Redis
- Caching is high speed data storage system which saves the transient data so that the further request will not hit the main memory /database. or will not compute the actual computation. All the data will be served from the cached system.
- All the computation results will be reused using the cache.
- The data in the caching system is usually stored in faster access hardware like RAM.
Caching Best Practices
- Before you cache something you need to understand the validity of the data or when you understand how long I can save this particular data so that's when we get high hit rate
- Otherwise it will cause cache miss. So, we need to properly set TTL.
Features/Estimation
- Tera Byte
- 50K to 1M QPS(Query Per Second)
- == 1ms latency
- LRU (Least Recently Used) eviction
- 100% Availability
- Scalable
Caching Strategies:
Cache data structure
- When we say we have to design a caching system with less latency or it should perform get and put operation faster , we can HashTable as the data structure.
LRU
- When we have to Evict the cache?
- Eviction is removing the key and value from the cache memory , we need to do this because cache / RAM is expensive and also all the keys and values are not used all the time.
- We have to identify the key-value pair which is not used recently and remove them, so that we can space for the new key value pairs and that is called as Cache Eviction Policy.
- We should use a Bi-Directional Linked List
- Create a node in the list and then store the key-value pair.
-
And then store the address of the node in the bucket of the hash table.
-
So, the most recently used key value will be at the last of the linked list.
- The complexity is O(1).
Internals of Caching System
- We need to have a service which accepts the requests like get, put, delete and then update the data into hash table.
- Since we are using RAM even though it is faster it is kind of blocking call.
- So, we need a efficient way of serving these requests, we can spawn N no. of threads as we get the request or a Bigger Thread pool which can handle.
- But these (Threads) will not scale and will cause a lot of problems.
- The easiest we can handle it is Event-Driven logic.
Fault Tolerance of Cache
- What if our restarts for some reason and then the data is lost?
- Our cache system should be Persistent. We have to do something to make it persistent so that we can retrieve the data.
- There are 2 approaches.
- a) Regular interval snapshot
- we take the copy of the original data.
- Store the data in the regular interval of time in a dump file.
- b) Log ReConstruction
- while saving the key-value pair in the hash table it will log the requests/operations and key-value pairs into a log file.
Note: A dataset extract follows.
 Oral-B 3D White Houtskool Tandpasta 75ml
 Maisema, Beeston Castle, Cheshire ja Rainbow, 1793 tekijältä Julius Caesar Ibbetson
- This log file will be in hard disk and also make this logging as async call which will be keep on updating into the file.
- If the machine goes down then we can reconstruct the whole data by executing each and every instruction in the time sorted order.
Availability
- Suppose if the server -1 went down then there will be a cache miss and the requests to the db will be more.
- we can have replication of these servers. For example the replication factor is 2 that means that we'll have to replicate every data into 2 copies.
- The request now will be shared to the copy of server-1 so that we can get less latency and the performance is lot better.
- But the problem is we need to keep seeking the updates from which happens between master and slave. There will be some latency and inconsistency of data.
- Let's make the copy server as Slave server.
- The reads and writes always happens from master server until the master goes down.